Mohamed Monir

Personal information
- Full name: Mohamed El-Zanaty Monir
- Nationality: Egypt
- Born: 1 February 1984 (age 42) Giza, Egypt

Sport
- Sport: Swimming
- Strokes: Open water

Medal record
Men's swimming
Representing Egypt
World Championships
| Bronze medal – third place | 2007 Melbourne | 25 km open water |

= Mohamed Monir (swimmer) =

Egyptian swimmer (born 1984)

Mohamed El-Zanaty Monir (محمد منير ش الزناتى; born 1 February 1984 in Giza) is an Egyptian swimmer, who specialized in an open water marathon. He represented his nation Egypt at the 2008 Summer Olympics, and has claimed a bronze medal in the 25 km open water race (5:19:23.23) at the 2007 FINA World Championships in Melbourne, Australia.

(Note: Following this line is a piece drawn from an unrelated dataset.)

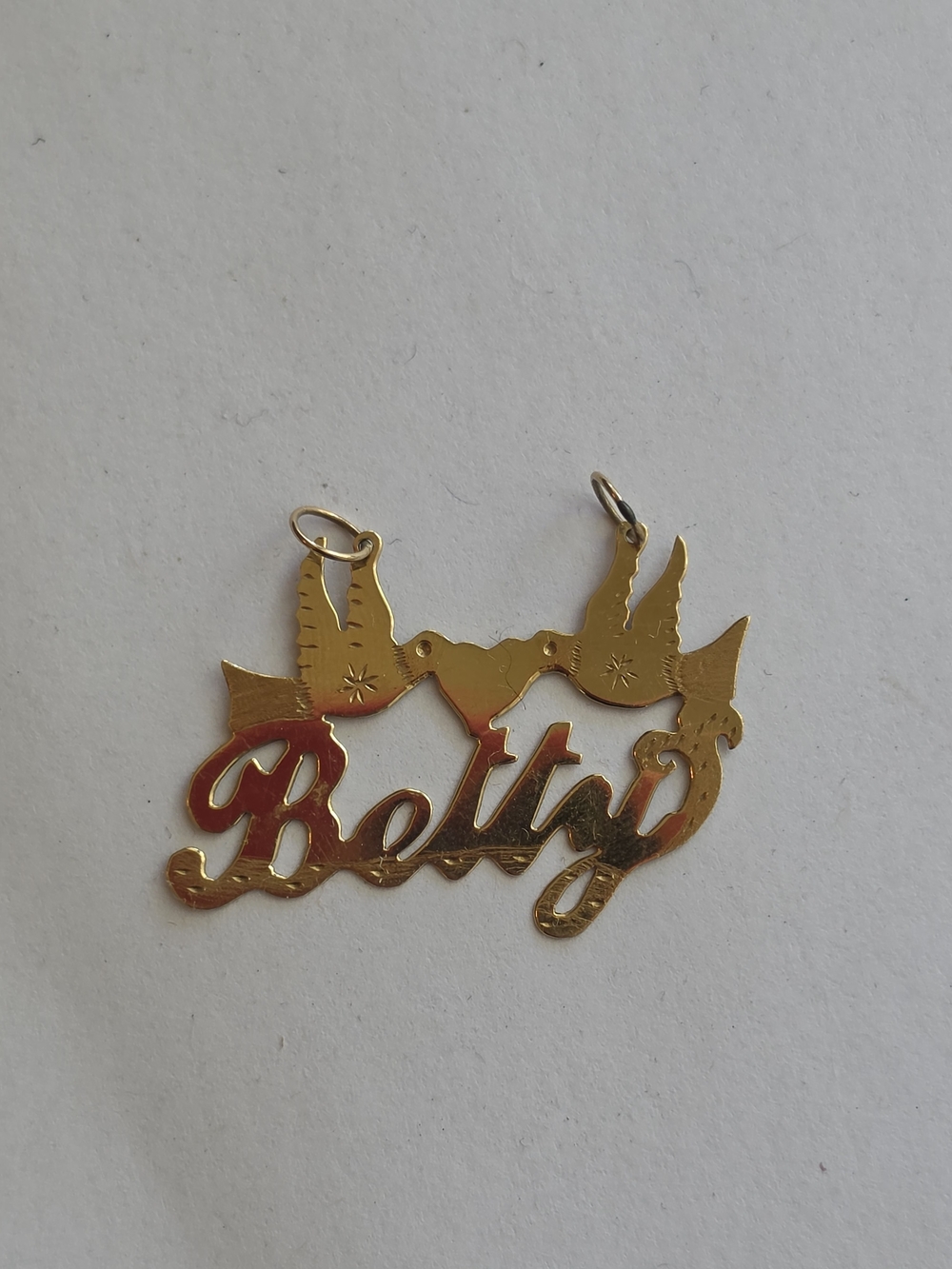 14k Solid Yellow Gold Betty Nameplate Pendant Charm - Picture 2 of 5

Mohammad competed as a lone open water swimmer for Egypt in the inaugural men's 10 km marathon at the 2008 Summer Olympics in Beijing. Leading up to the Games, he finished with a nineteenth place time of 1:54:36.4, but managed to pick up the continental spot as Africa's representative at the FINA World Open Water Swimming Championships in Seville, Spain. Farther from the leaders by about ten body lengths, Monir nearly pulled from the end of the field to claim the twentieth spot out of twenty-four entrants in 1:55:17.0, three minutes and twenty-five seconds (3:25) behind eventual gold medalist Maarten van der Weijden of the Netherlands.